He said it was a reasonable assumption that migrant employment opportunities would be affected.
"Those coming [to New Zealand's dairy industry] will realise the roles will be less abundant."
Baird believed core milking positions would remain secure.
Dairy NZ regional team leader Southland and South Otago Richard Kyte said while farm owners were taking on more of the workload themselves, there was still demand for labour.
"We are seeing more farmers becoming more hands-on, but there's still a high demand for staff and especially migrants.
"We don't want to be losing migrant labour as an industry and we're quite heavily invested in them."
Rural Support Trust rural support co-ordinator Lindsay Wright said employment would be affected and farms would re-structure accordingly.
"I think you've got to look at the bigger picture.
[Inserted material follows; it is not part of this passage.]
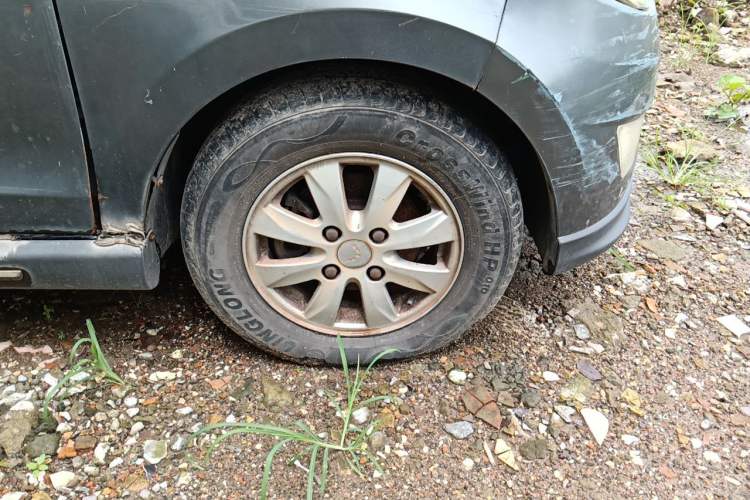 Used Wuling Hongguang 2014 1.5L S Luxury Model Right Front Wheel Hub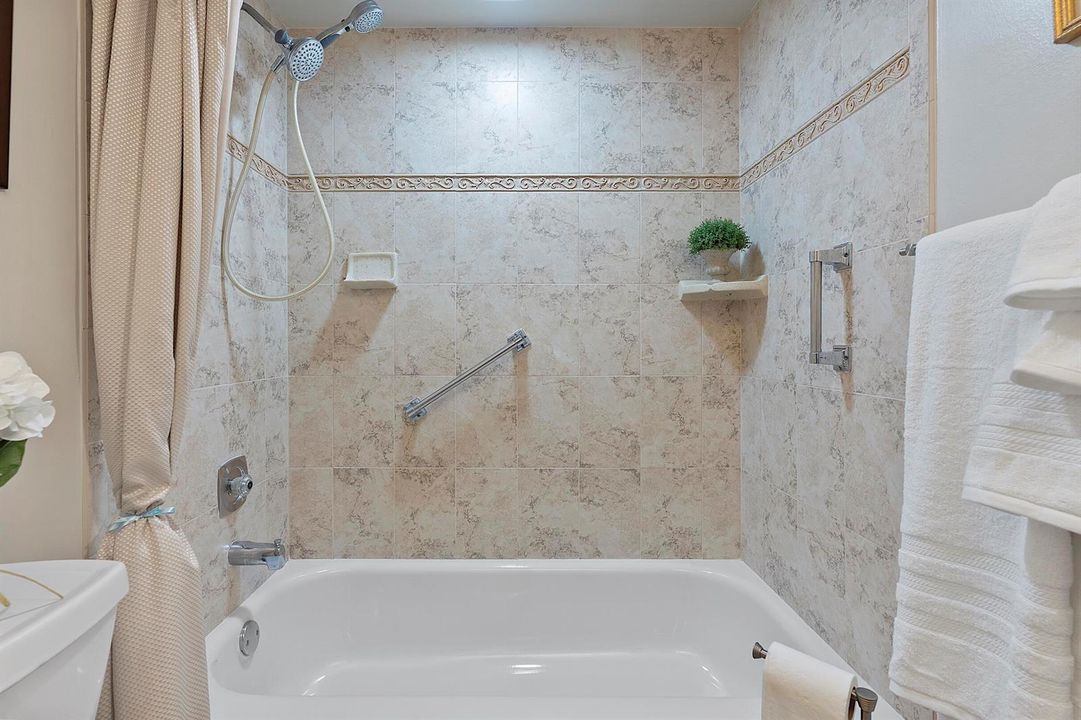 9370 Sunrise Lakes Blvd - - 304139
The downturn is going to affect a lot of people in the industry."
Employees of all kinds would be impacted, he said.
"If there are farmers looking to restructure their staffing levels then they [migrants] will be equally a part of the mix."
Southland Multicultural Council chairperson Thambi Mabunda said the downturn was a concern for migrants.
"That is a worry because there are migrants who come here just to work, and if there's nothing for them then that's a concern."
Mabunda said changing labour demand would affect all employees across the dairy industry and not just migrants.
"Some of the [farms] have been living in a struggle now for a while, and it won't have an impact on migrant workers over any other workers on the farm."